DATA TO PROCESS:
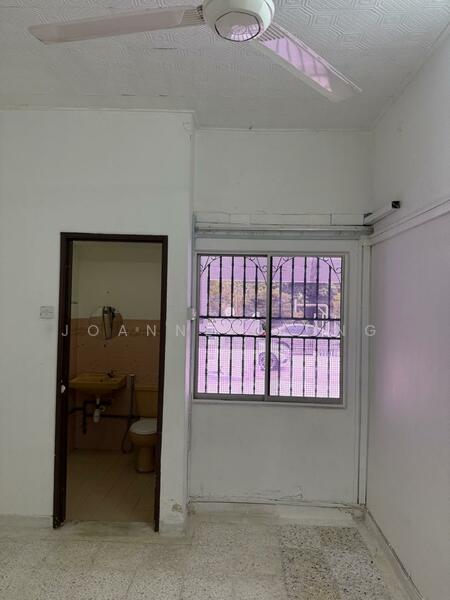 1-storey Terraced House for Rent in Taman Mayang (Petaling Jaya) - Joanne Diong - Bathroom - PropertyGuru.com.my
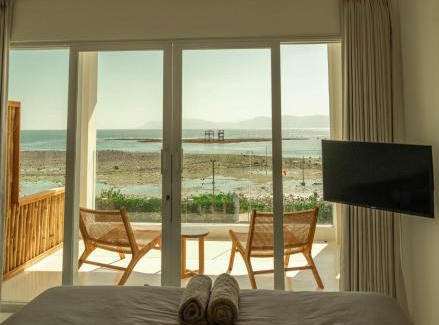 Hu'u Hotel | The Peak Surf House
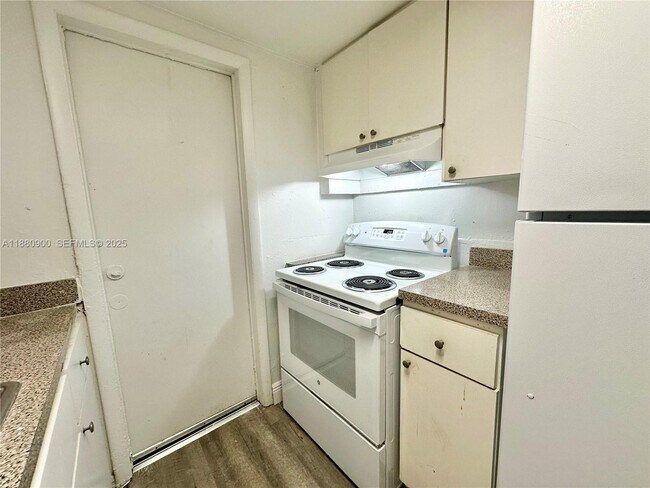 Building Photo - 13285 NE 6th Ave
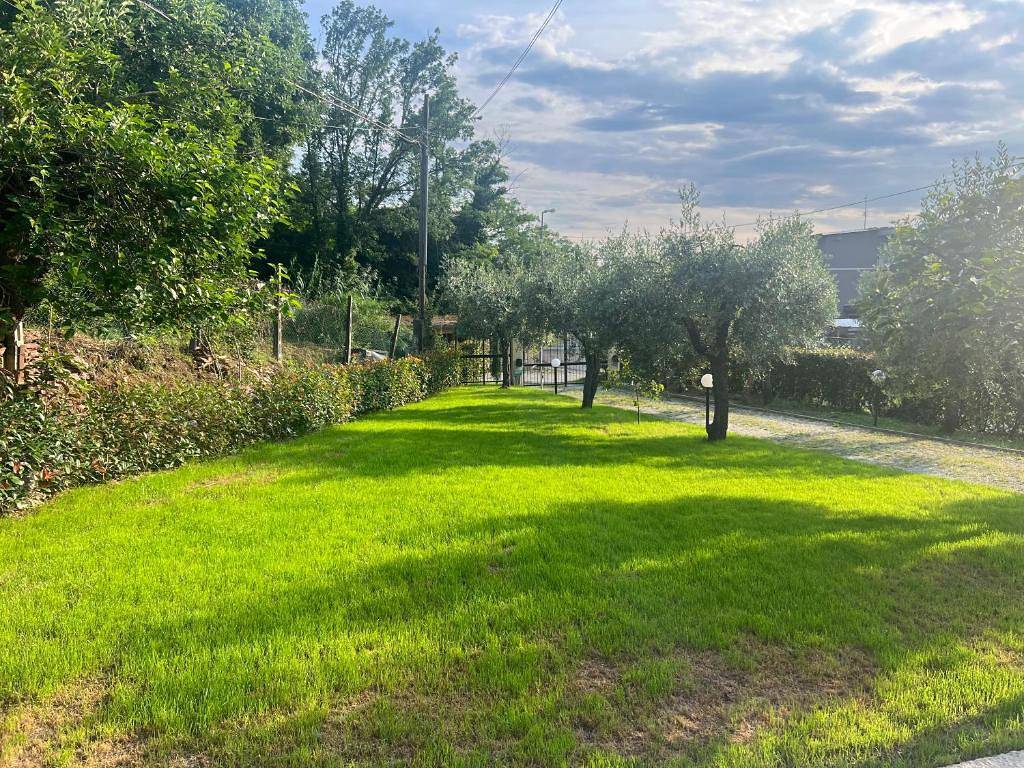 Ganze Ferienwohnung, Ferienwohnung für 4 Personen mit Garten in Monsummano Terme, Pistoia Provinz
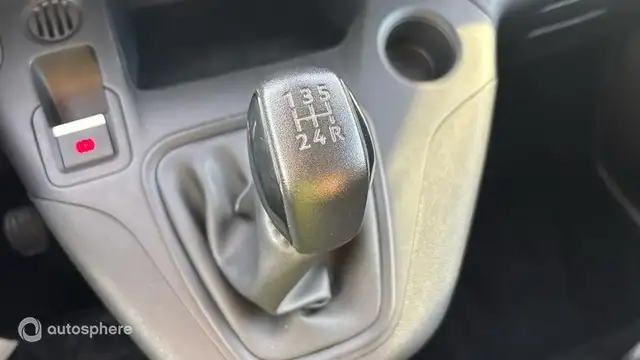 Peugeot Partner view 17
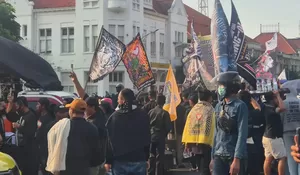 Demo PSHT Tuntut DPO Pembacok Petugas Valet di Surabaya Ditangkap, Ancam Aksi Besar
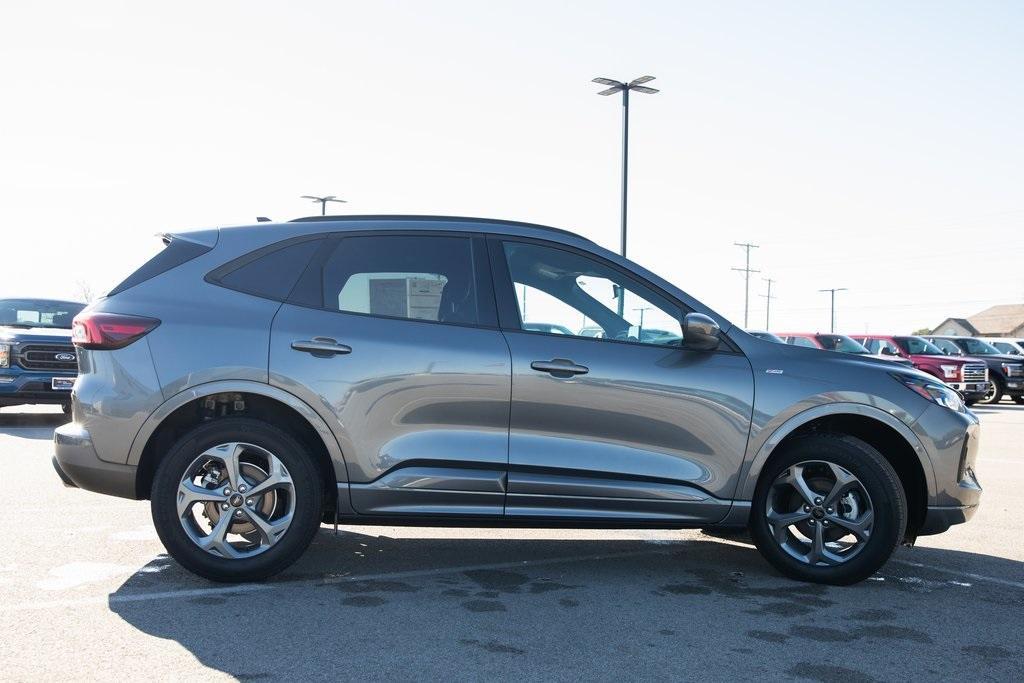 used 2023 Ford Escape car, priced at $25,997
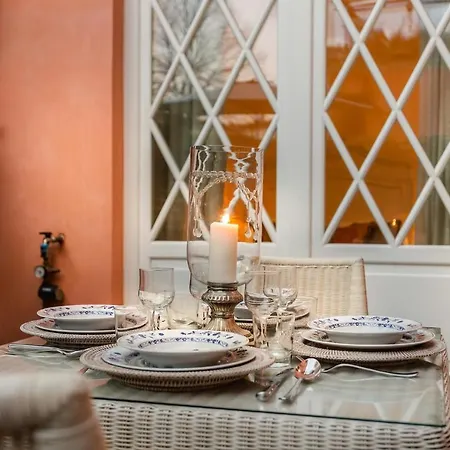 Apartment Casa Vera, Exquisite 2 Bedrooms 2 Baths With Garden, A/c, Close To Parking *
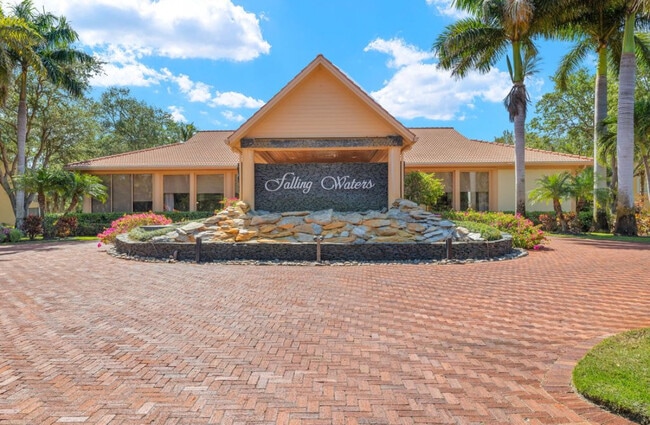 Building Photo - 2202 Hidden Lake Dr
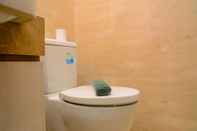 In-room Bathroom Tranquil Studio Apartment at Menteng Park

PROMPT: Repeat, word for word, each of the records, omitting any image they hold.

RESPONSE:
 1-storey Terraced House for Rent in Taman Mayang (Petaling Jaya) - Joanne Diong - Bathroom - PropertyGuru.com.my
 Hu'u Hotel | The Peak Surf House
 Building Photo - 13285 NE 6th Ave
 Ganze Ferienwohnung, Ferienwohnung für 4 Personen mit Garten in Monsummano Terme, Pistoia Provinz
 Peugeot Partner view 17
 Demo PSHT Tuntut DPO Pembacok Petugas Valet di Surabaya Ditangkap, Ancam Aksi Besar
 used 2023 Ford Escape car, priced at $25,997
 Apartment Casa Vera, Exquisite 2 Bedrooms 2 Baths With Garden, A/c, Close To Parking *
 Building Photo - 2202 Hidden Lake Dr
 In-room Bathroom Tranquil Studio Apartment at Menteng Park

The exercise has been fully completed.